* **The task**:
Please return only the lines from the one holding "Opel Insignia A" through the one holding "Hotel Saris بارديوف المظهر الخارجي الصورة", exactly as they appear in the records below, both ends included.

* **Information given**:
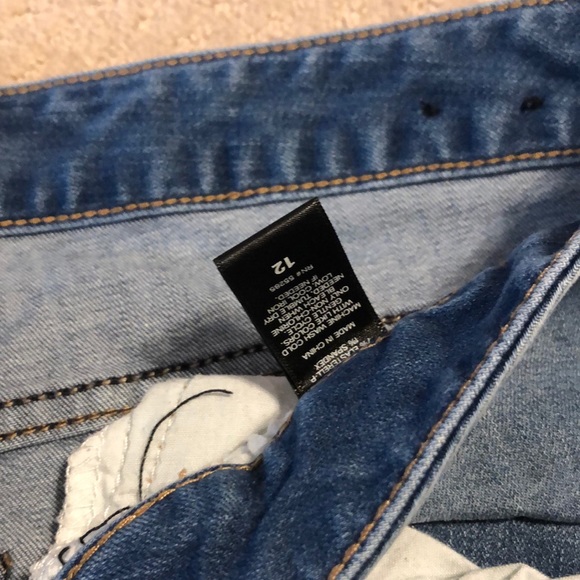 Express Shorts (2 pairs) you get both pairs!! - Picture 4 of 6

* * *

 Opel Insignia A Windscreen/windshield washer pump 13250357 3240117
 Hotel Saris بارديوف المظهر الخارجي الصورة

* **Exercise response**:
 Opel Insignia A Windscreen/windshield washer pump 13250357 3240117
 Hotel Saris بارديوف المظهر الخارجي الصورة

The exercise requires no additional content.